- _WORK ITEM_:
Output the line containing "Introduction to Atomic" and each line after it through the end of the data, exactly as written, with pictures left out.

- _Scraped caption text data_:
***

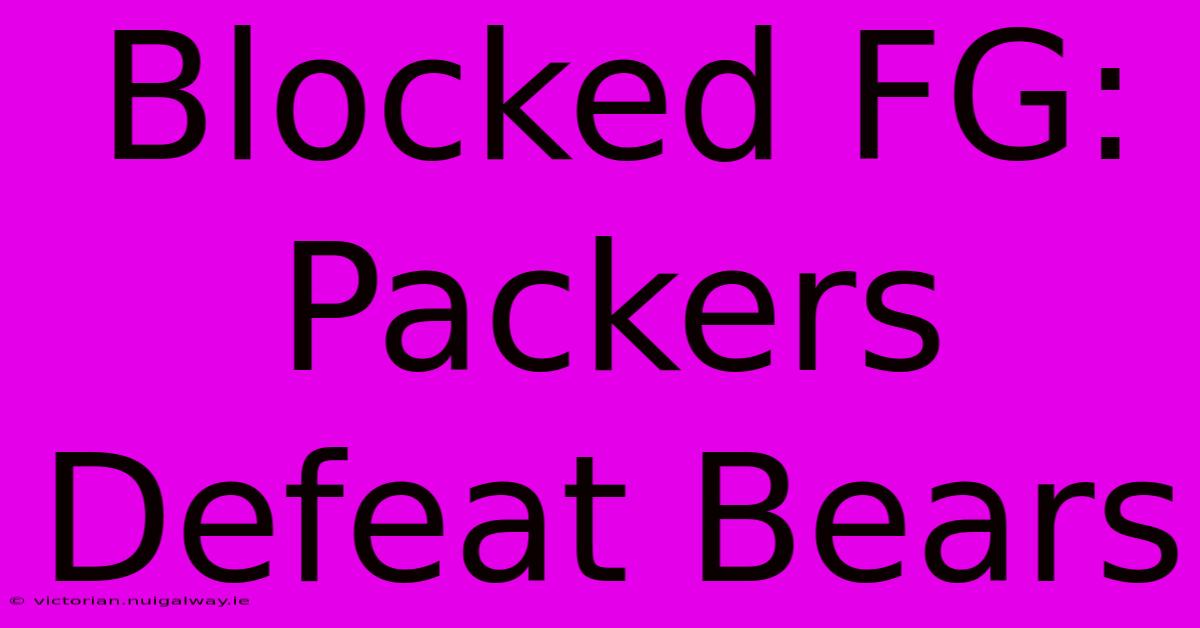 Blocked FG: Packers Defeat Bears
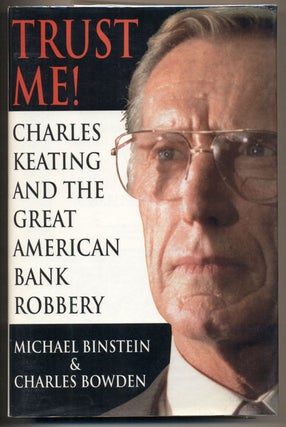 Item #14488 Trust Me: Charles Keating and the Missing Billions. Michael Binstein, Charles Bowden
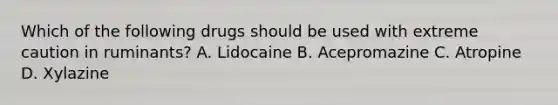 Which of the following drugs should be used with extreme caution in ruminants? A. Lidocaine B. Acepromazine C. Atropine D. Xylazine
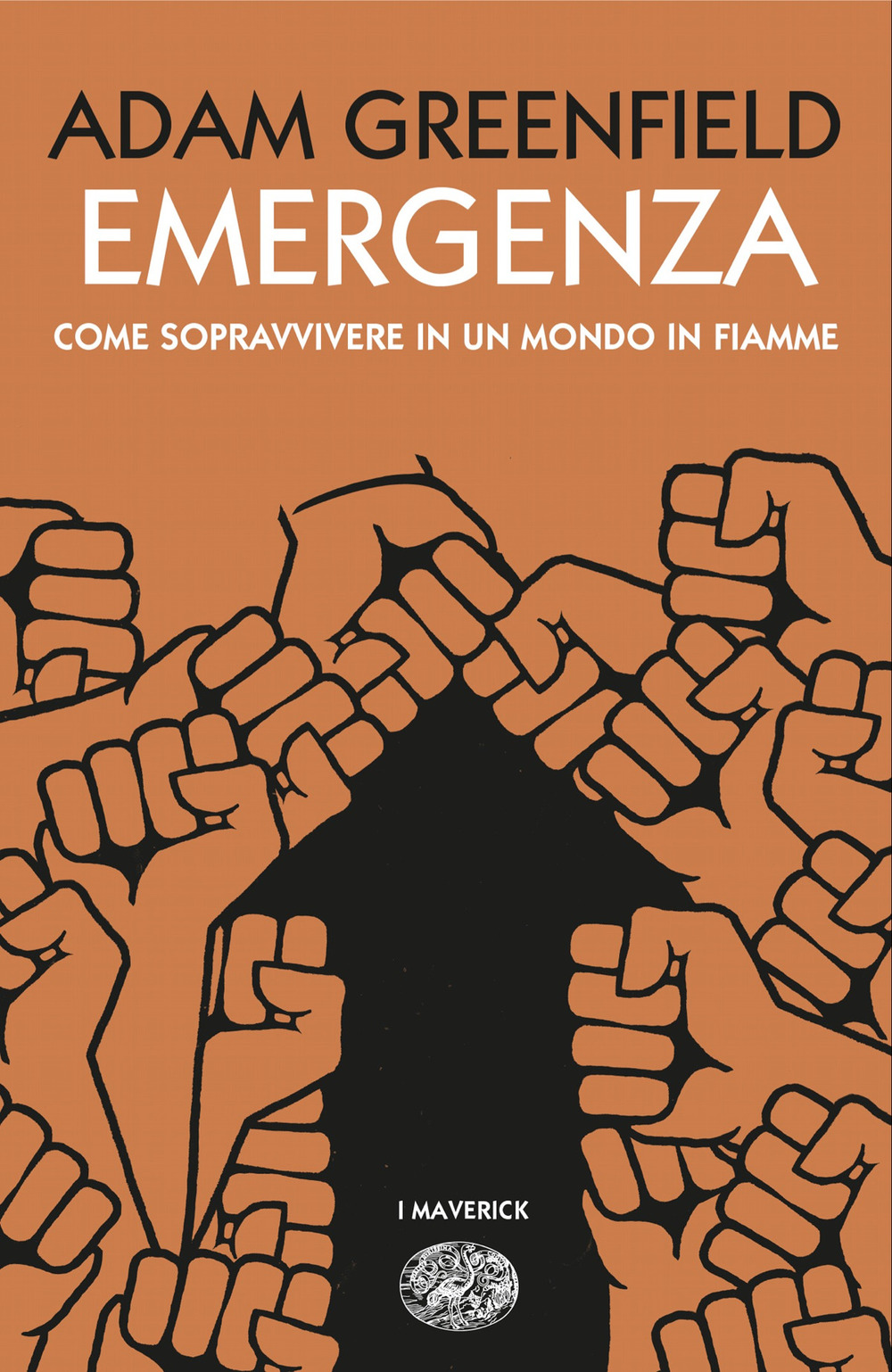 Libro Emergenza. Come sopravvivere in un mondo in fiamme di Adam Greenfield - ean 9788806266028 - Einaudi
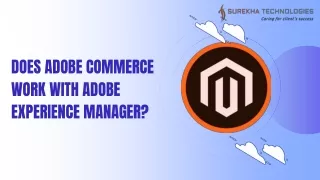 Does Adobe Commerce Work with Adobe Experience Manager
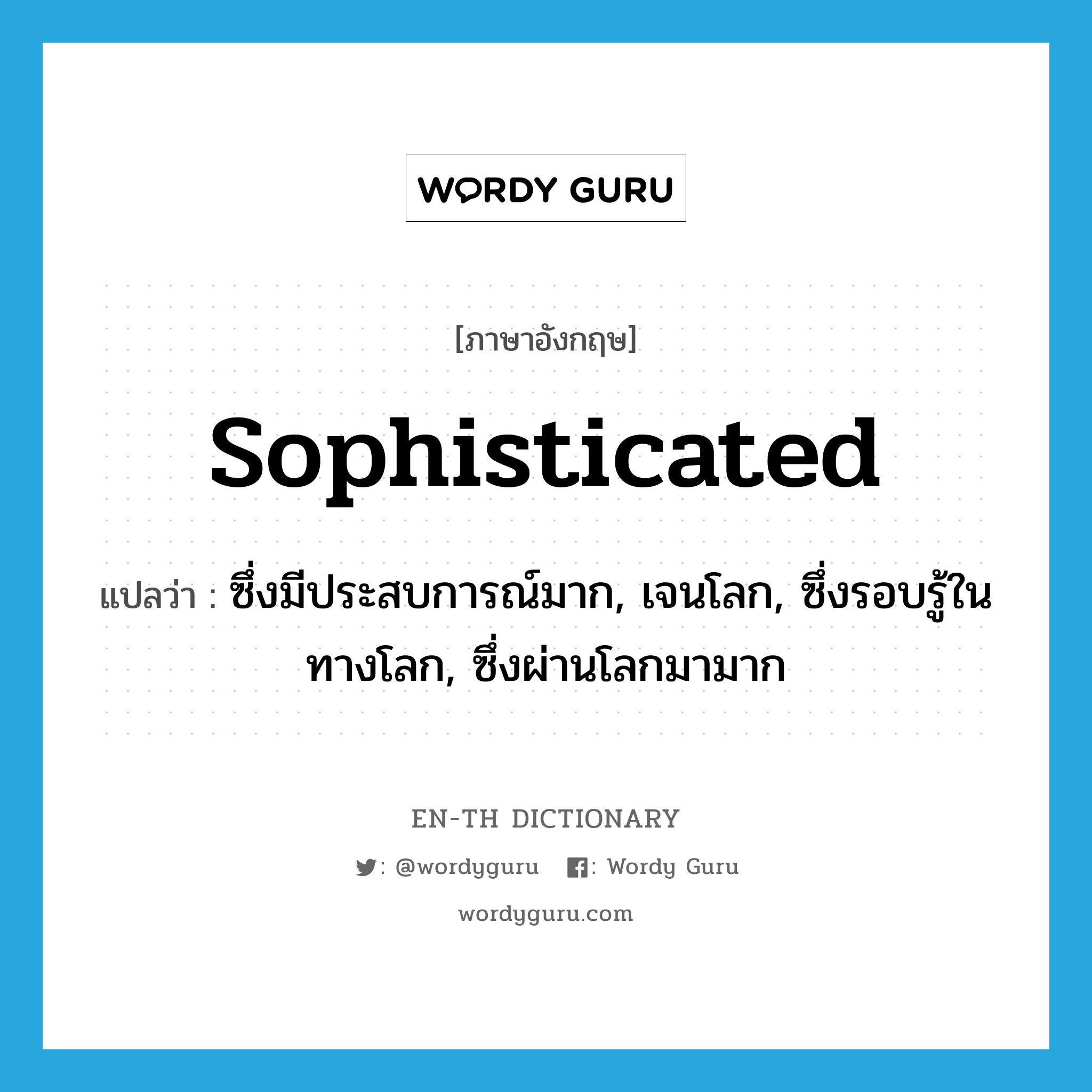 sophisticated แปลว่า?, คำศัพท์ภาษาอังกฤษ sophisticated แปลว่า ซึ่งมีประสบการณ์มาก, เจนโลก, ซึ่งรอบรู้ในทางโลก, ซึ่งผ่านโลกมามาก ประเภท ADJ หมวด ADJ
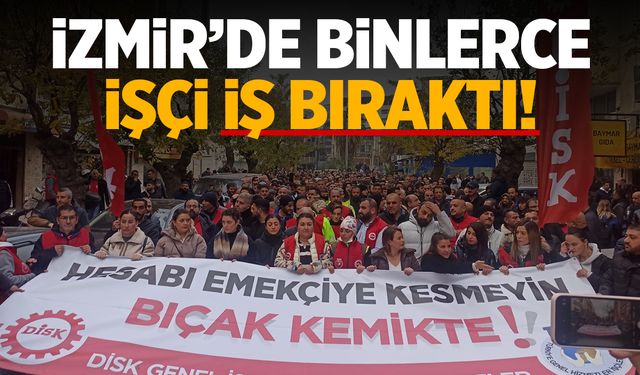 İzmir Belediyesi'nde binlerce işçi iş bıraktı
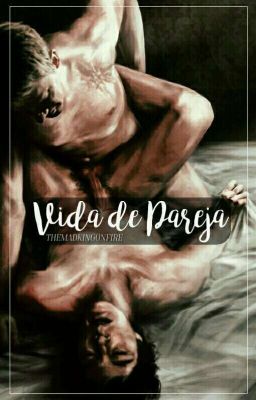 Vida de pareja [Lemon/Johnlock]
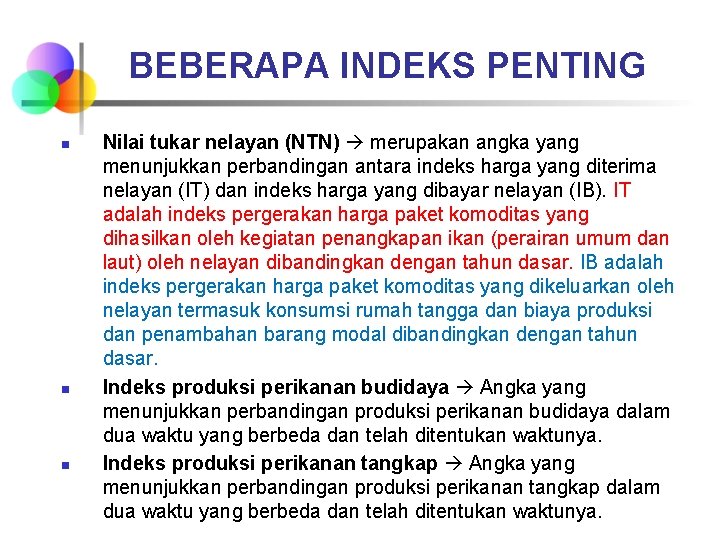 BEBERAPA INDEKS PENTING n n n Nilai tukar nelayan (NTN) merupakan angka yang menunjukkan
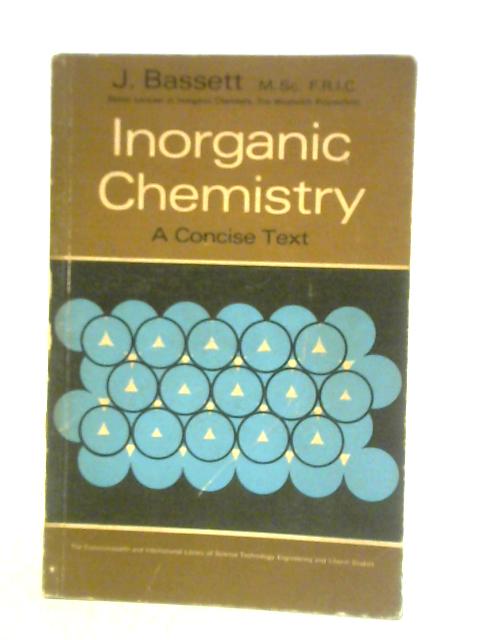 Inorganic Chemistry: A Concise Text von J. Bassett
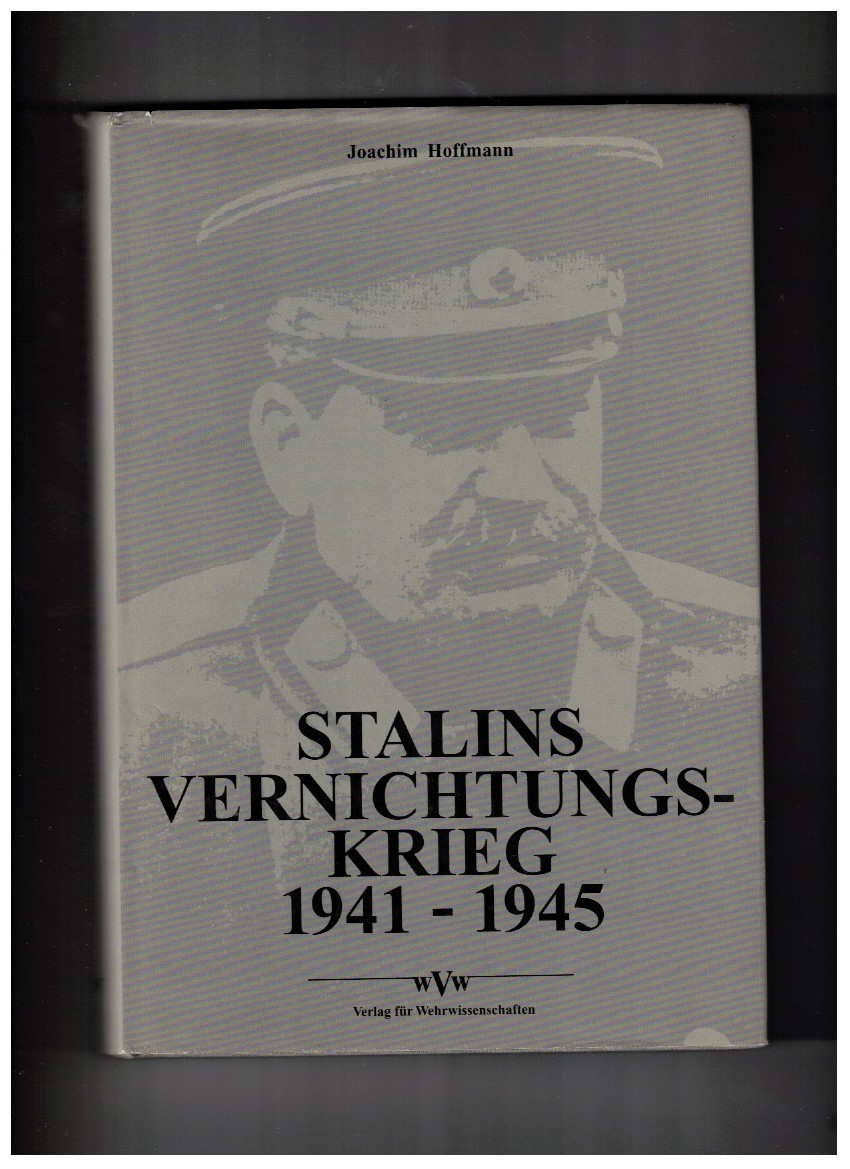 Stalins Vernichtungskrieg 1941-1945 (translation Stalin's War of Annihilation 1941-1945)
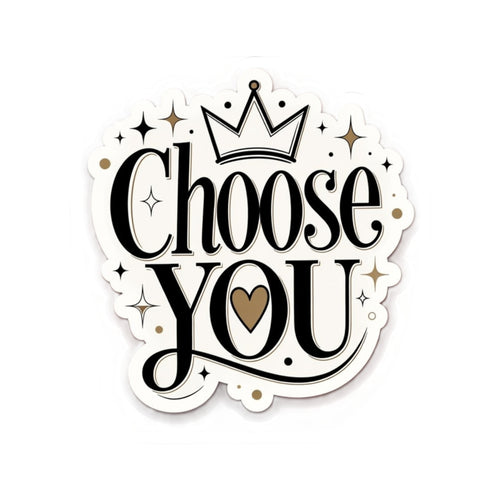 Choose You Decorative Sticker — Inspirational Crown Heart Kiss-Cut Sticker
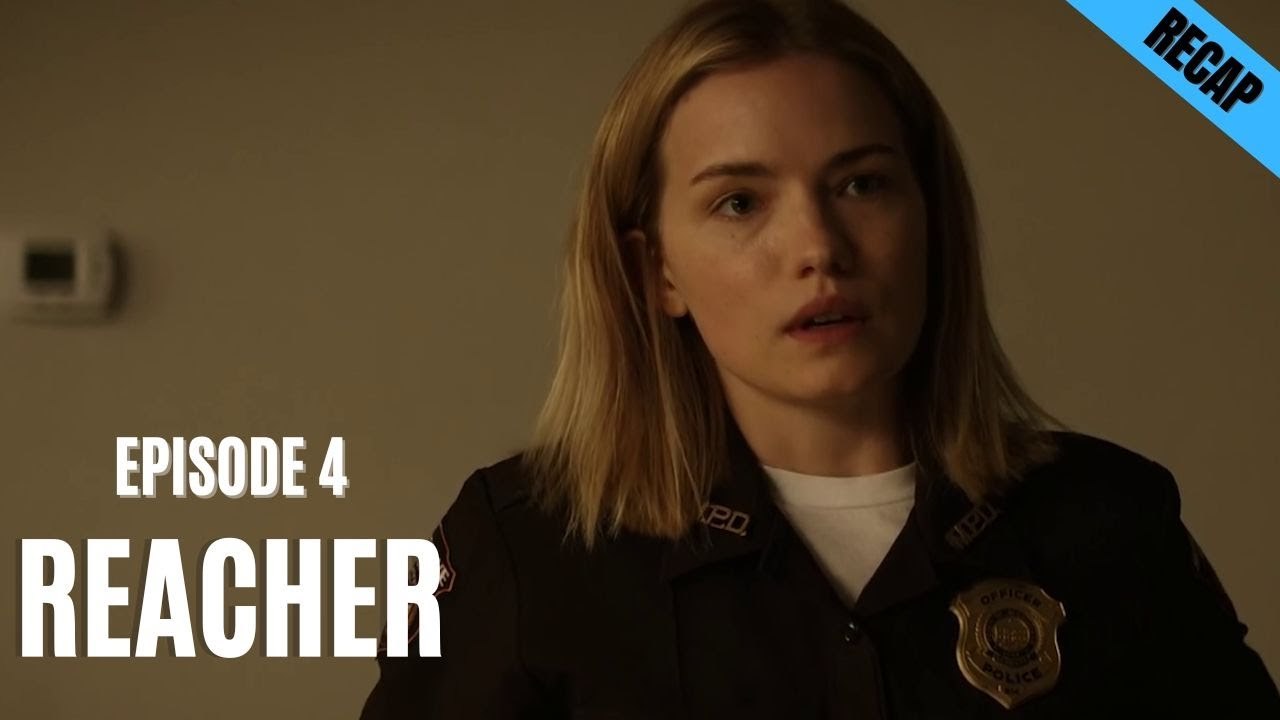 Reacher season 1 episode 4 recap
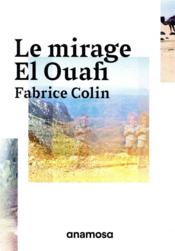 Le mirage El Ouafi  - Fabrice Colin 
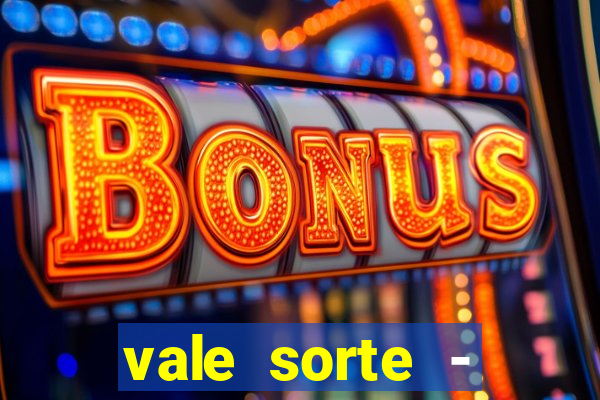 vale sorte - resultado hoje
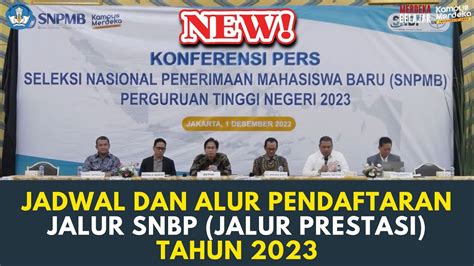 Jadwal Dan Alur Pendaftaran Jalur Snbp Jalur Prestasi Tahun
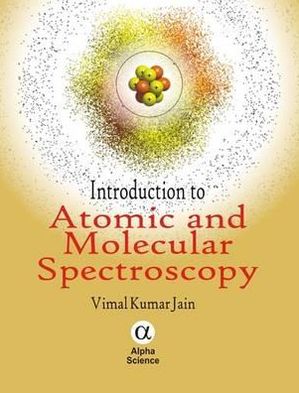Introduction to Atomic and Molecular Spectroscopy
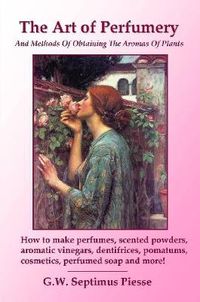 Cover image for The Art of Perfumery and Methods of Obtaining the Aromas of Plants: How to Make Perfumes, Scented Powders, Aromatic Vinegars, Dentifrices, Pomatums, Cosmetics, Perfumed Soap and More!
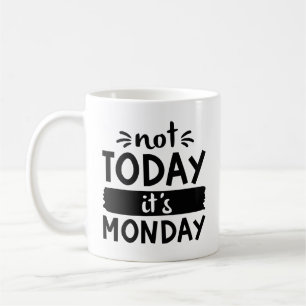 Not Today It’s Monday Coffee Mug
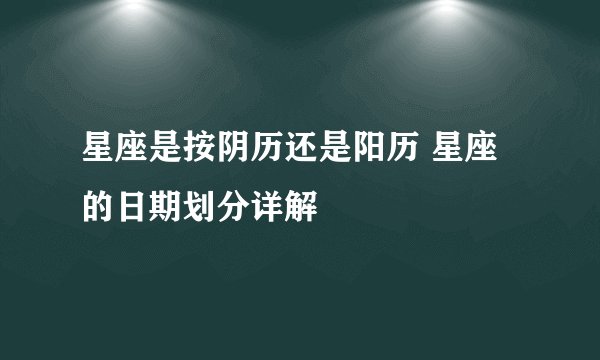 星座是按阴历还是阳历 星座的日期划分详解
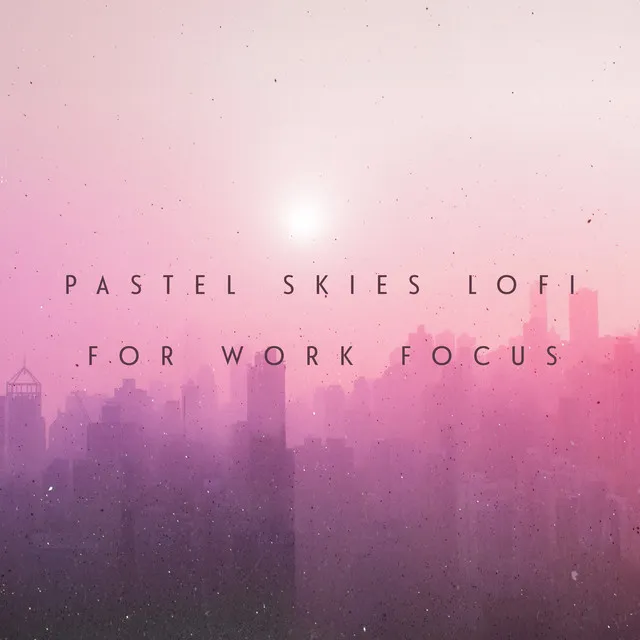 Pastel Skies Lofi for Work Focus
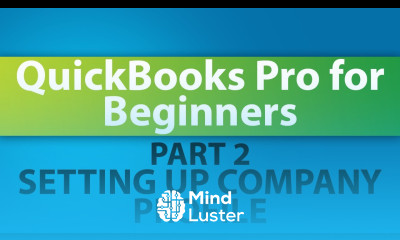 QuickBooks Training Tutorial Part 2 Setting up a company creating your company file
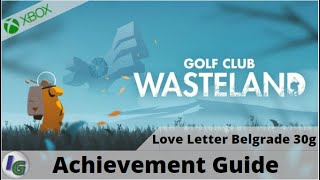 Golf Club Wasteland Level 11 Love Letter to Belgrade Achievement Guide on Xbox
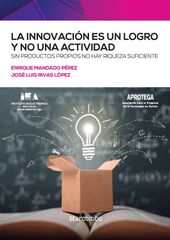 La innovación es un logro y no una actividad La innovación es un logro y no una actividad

***

- _THE ANSWER_:
Introduction to Atomic and Molecular Spectroscopy
 Cover image for The Art of Perfumery and Methods of Obtaining the Aromas of Plants: How to Make Perfumes, Scented Powders, Aromatic Vinegars, Dentifrices, Pomatums, Cosmetics, Perfumed Soap and More!
 Not Today It’s Monday Coffee Mug
 星座是按阴历还是阳历 星座的日期划分详解
 Pastel Skies Lofi for Work Focus
 QuickBooks Training Tutorial Part 2 Setting up a company creating your company file
 Golf Club Wasteland Level 11 Love Letter to Belgrade Achievement Guide on Xbox
 La innovación es un logro y no una actividad La innovación es un logro y no una actividad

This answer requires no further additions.